Who is on Your Business Money Team?

There can be a lot of confusion around who should be on your business money team and their roles (including your role as the business owner). But without a solid team, you may feel confused about your finances–which is never a good feeling.

No matter how long you’ve been in business, it’s time to pull together your team now or revisit the individuals who are supporting you.

Your “Accountant’s” Role

The term “accountant” is broad and is mostly misused by business professionals. For this article, we’ll limit it to the role of tracking your business’s finances and producing accurate financial statements with them. Think P&Ls, balance sheets, reconciliations, and all of that good stuff.

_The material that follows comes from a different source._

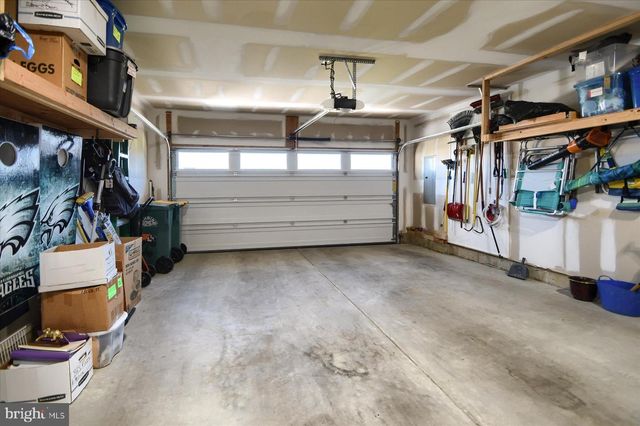 6963 MAPLE DR, Bath, PA 18014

At a basic level, a bookkeeper will focus more strictly on recording your financial transactions. An “accountant,” however, can give you insight into your financials to help you make strategic decisions. Newer or smaller businesses may suffice with a bookkeeper initially but may have to hire an accountant as the business grows and becomes more complex.

Oftentimes, it’s not the best use of the owner’s time to keep the books. However, you still must understand how to read your financial statements and conduct your financial affairs in such a way that it’s easy for your accountant to track everything (i.e. no commingling of funds between personal and business accounts). Also, if you don’t understand your financial statements and don’t review them regularly, you may put yourself at risk of being stolen from. You want to find an accountant with the heart of a teacher, who will help you understand your financial statements.

Your Tax Pro’s Role

Business owners often think that all accountants prepare taxes. This is not true. Tax and accounting (bookkeeping) are two processes. The accounting needs to be complete before the taxes can be prepared. When seeking out a tax pro, find someone with the heart of a teacher (see a recurring theme there?) who will explain to you how to minimize your taxes and stay in compliance with the IRS and state. If you really want to save on taxes, you’ll meet with your tax pro on a quarterly basis, but definitely at the end of third quarter as you near year-end. Proactive tax planning is the best way to keep taxes low and to ensure there aren’t any surprises come tax time.

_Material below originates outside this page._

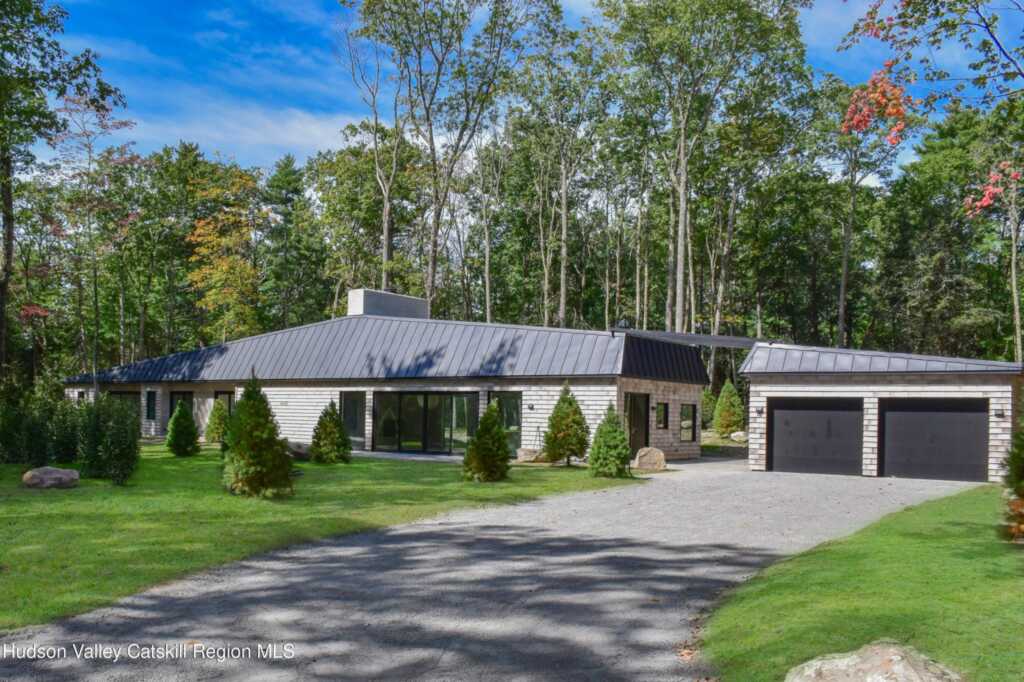 112 Mill Road, Stone Ridge, NY 12484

You can make your tax pro’s job easier by having accurate and complete P&Ls and balance sheets. Your accountant actually does the heavy lifting in this regard. Be sure to ask your tax pro about any tax savings opportunities or recent changes in tax law that might affect you (a great tax pro will tell you before you ask). Last, make sure you pay your quarterly estimated taxes to the IRS and the state.

NOTE: If your tax pro encourages you to spend off your profit to reduce taxes, seek a different tax pro.

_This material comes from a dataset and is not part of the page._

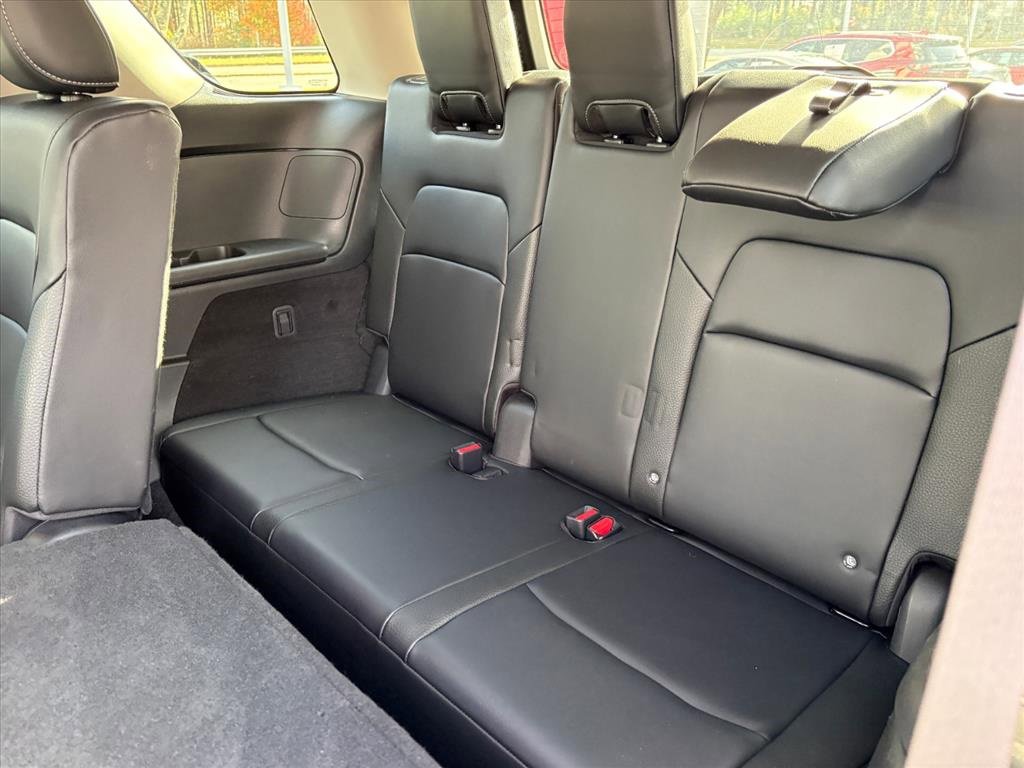 Used 2024 Nissan Pathfinder SL image 21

Your Cash Flow Management Coach

We can’t talk about money teams and neglect to mention Profit First Professionals! While accounting tells you where your money came from and when (via financial reports), cash flow management directs where your money goes. We use the Profit First cash flow management system to help business owners become permanently profitable, pay themselves regularly, reserve for taxes, and know exactly how much they need to budget for their business’s expenses. A Profit First Professional can help you design a system that works for your business and your goals.

Contact a Profit First Professional Firm (that’s us!) to do an assessment of your finances and build out a customized cash flow strategy for you. If you contact us, we’ll give you step-by-step instructions.

Your Board of Directors Role

I know what you’re thinking: You’re a small business and you don’t have a board of directors. I get it. But I’ll bet that you really do, if you think about it.

Think about who you’re venting to about your business: your partner, a biz bestie or two, a mastermind group, your adult children, maybe even a parent or other family member. Some of these people might offer you feedback and guidance on your business. I know one business owner who calls up her dad every time she’s making a big business investment. Because he’s a former business owner, she feels like he has a good handle on the right questions to ask before putting down a deposit.

This “board of directors” has heard you talk about your business and has watched it grow and develop. They understand some of the inner-workings of your business without having to start from square one on the details. You trust them and they have a vested interest in whether or not the business succeeds.

Your Spouse’s Role

You read that right. Depending on your business’s structure, your spouse or significant other may be part of your team. That doesn’t mean that they have a seat at the table (though they might). But it does mean that how you pay yourself and how much you pay yourself will have a big impact on your home life.

Also consider the conversations you have with your partner about what’s happening at work, who you’re hiring, challenges you’ve been presented, and so on. For better or worse, your partner gets insight into your business, likely no one else does. So considering them as part of your working money and leadership team is important.

Last Thoughts

Accounting, taxes, and cash flow management are different disciplines, although closely related. There are some professionals who can do all three, but it’s probably best if you separate some of it out to protect yourself and your money. But all the members of your business money team should be in some type of communication with each other. Just make sure that they are familiar with your business, your industry, or goals, and have the heart of a teacher.